Always a Race
I set the spaceship on course to the universe’s most delicious edible and maxed out the engines. “Treat of the ages, here I come.” I had been waiting for it long enough.
“What’s up? Are you down for a race?” — The communicator went alive.
“It looks like he got the coordinates too,” I thought to myself while tracing his coordinates. “Shut up, Eddie. You are parsecs behind me; keep dreaming.”
“We’ll see,” — I heard a familiar noise of his Marta’s boost engine starting up.
“Did you get your hands on that illegal fuel? I’m impressed.”
“You don’t know the half of it. This is going to be interesting!”
I have never allowed Eddie to get the best of me, and I am not going to start today. “Marcus, look for shortcuts, ignore safety restrictions,” I commanded the computer.
“I have found a faster route through Amanda’s asteroid belt that will save six hours and twenty-four minutes. New ETA is in fifteen hours, forty-seven minutes. Do you want to follow it?” — The computer responded immediately.
“Yes.
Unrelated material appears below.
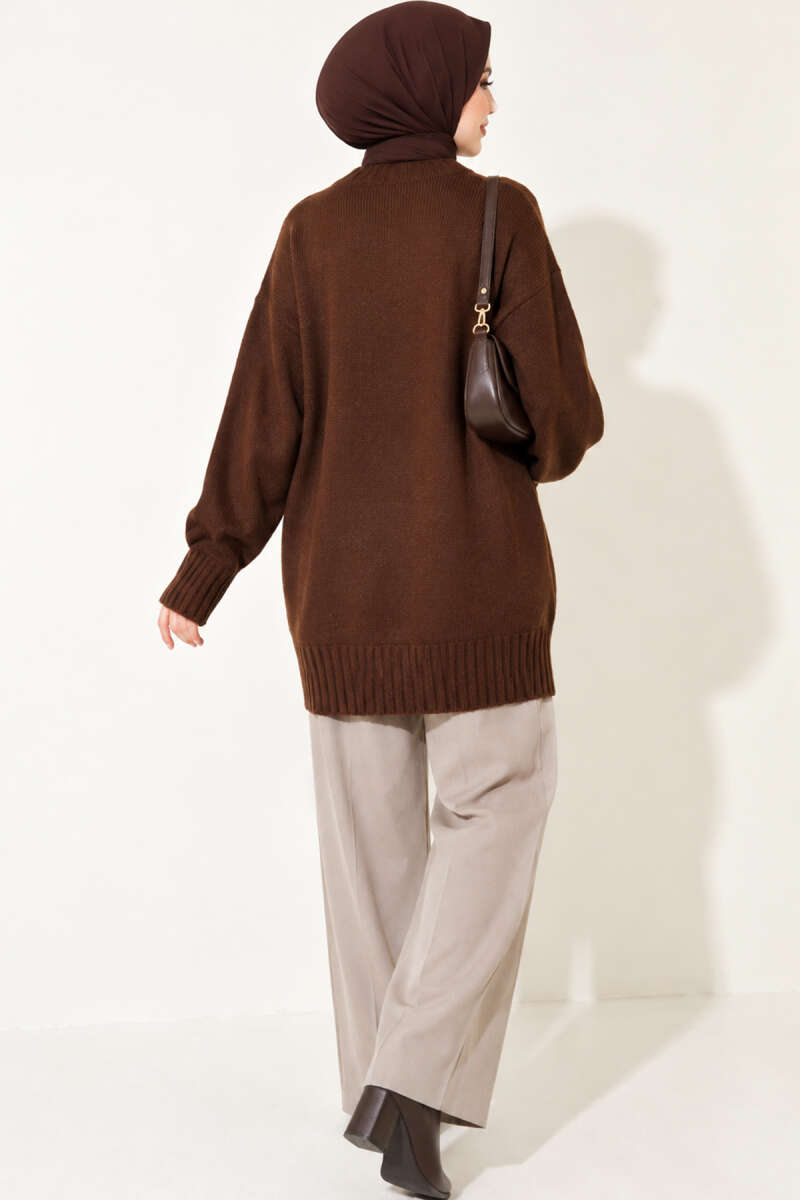 Ribbed Crew Neck Knit Tunic Brown - Afbeelding 4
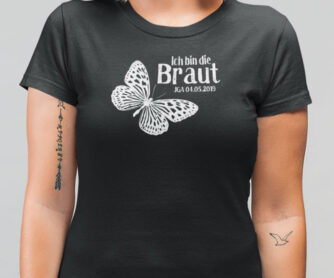 T08 Shirt Junggesellinnenabschied in schwarz mit Schmetterling, mit Datum individualisiert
Go for it,” I replied.
“This will make sure that Eddie will never catch up with me,” I thought to myself as I smiled.
“Reaching the asteroid belt in 30 minutes,” Marcus roughly interrupted my nap. “Please, move to the pilot seat and be prepared to use the manual control.”
“Did it kick in?” — Eddie interrupted.
“What? What are you talking about?” Then I felt a sudden, painful sensation in my stomach. “Ahhh!”
“About time,” Eddie commented. “Do you remember that smoothie we drank at the port?”
“Crap! You poisoned me, you sleazy bastard!”
“Yeah. FYI, you have 24 hours to live,” Eddie chuckled. “Ask Marcus if you don’t believe me. The antidote is at the port in a storage box under your name. You can still get to it in time if you turn around.”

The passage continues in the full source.